Jim Jordan

House Judiciary Chair releases Jack Smith hearing transcript, video

Dec. 31 (UPI) — Former special counsel Jack Smith denied targeting President Donald Trump ahead of the 2024 presidential election while testifying before the House Judiciary Committee on Dec. 17.

He firmly denied pursuing the dual prosecutions against Trump for political reasons, Axios reported.

“I entirely disagree with any characterization that our work was in any way meant to hamper him in the presidential election,” Smith said.

The committee hearing was done behind closed doors, but House Judiciary Chairman Rep. Jim Jordan. R-Ohio, on Wednesday released the transcript and a video of the hearing that lasted for 8 hours and 21 minutes.

Smith led the Biden administration’s effort to prosecute Trump for his handling of classified documents and efforts to overturn the 2020 election results after losing to President Joe Biden.

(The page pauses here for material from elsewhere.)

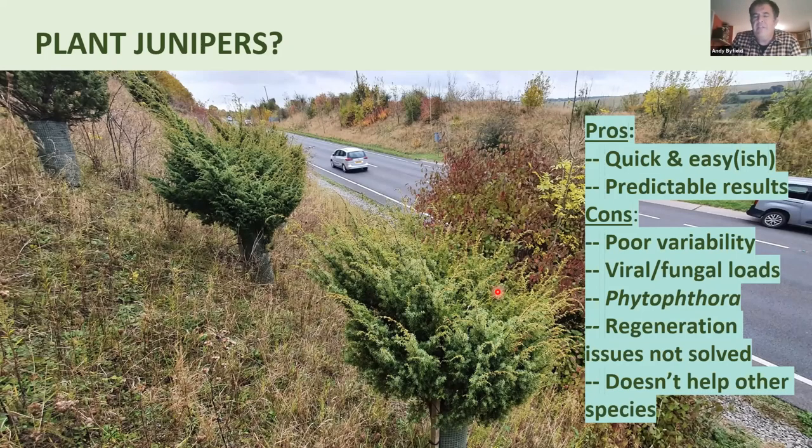Looking at the BSBI database, there are only about thirty colonies in southern England with fifty or more bushes still surviving. Many many colonies are individuals or small groups of plants, getting old and not producing many berries. An obvious solution might be just to go and plant them — planting from cuttings gives fairly predictable, quick results, as seen in these plants on the road into Salisbury, planted about five years ago.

“The decision to bring charges against President Trump was mine, but the basis for nine of those charges rests entirely with President Trump and his actions, as alleged in the 10 indictments returned by grand juries in two different districts,” Smith told House Judiciary Committee members.

He said he was deciding whether to charge alleged co-conspirators for attempting to overturn the 2020 election results, but Trump’s election win in 2024 halted the investigation.

Smith said Rudy Giuliani and Boris Epshteyn were among the Trump associates his prosecutorial team had interviewed but did not charge with alleged crimes.

When asked why he didn’t charge those two and others with lesser crimes to force them to testify against Trump, Smith said the case had plenty of evidence and no other witnesses were needed.

Smith did not offer any information to the committee that was not already publicly available regarding Trump’s handling of classified documents because U.S. District Court of Southern Florida Judge Aileen Cannon ordered him to keep the relevant contents of a 137-page case report private, he told the committee.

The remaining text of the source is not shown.